Exercise prompt ▸ The full set of lines below has to be duplicated exactly, with no picture kept.

Information provided ▸
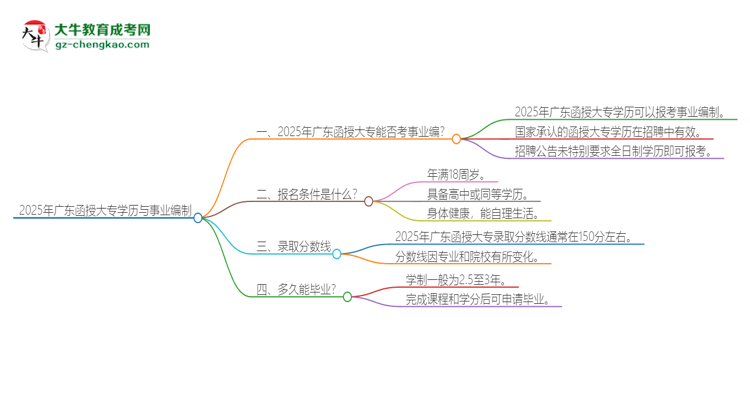 2025年廣東函授大專學歷能考事業(yè)編嗎？思維導圖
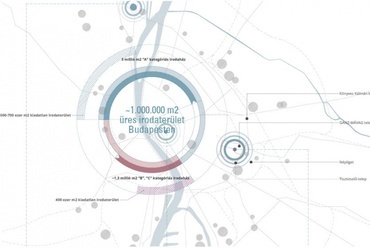 Üres irodaházak Budapesten, Kohout Dávid grafika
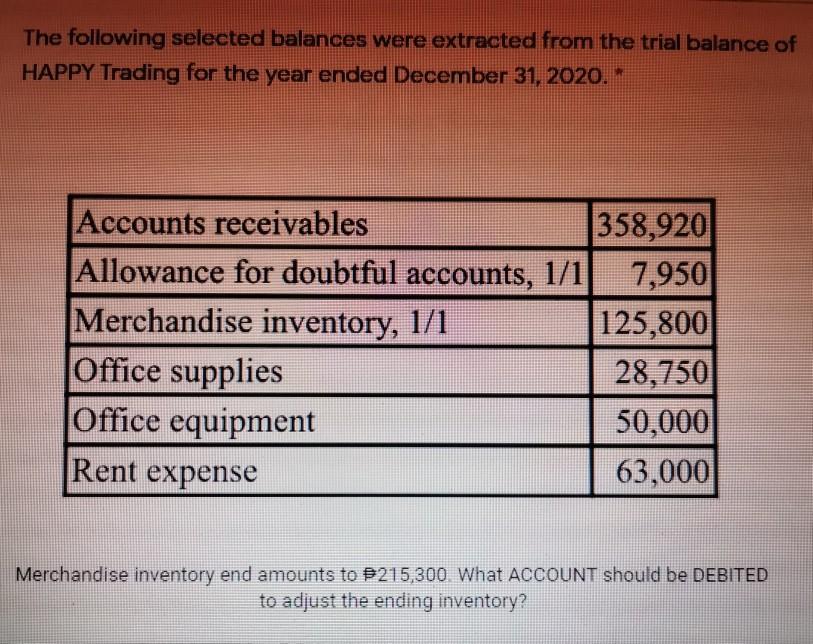 Solved The Following Selected Balances Were Extracted From | Chegg.com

Solution to the exercise ▸
 2025年廣東函授大專學歷能考事業(yè)編嗎？思維導圖
 Üres irodaházak Budapesten, Kohout Dávid grafika
 Solved The Following Selected Balances Were Extracted From | Chegg.com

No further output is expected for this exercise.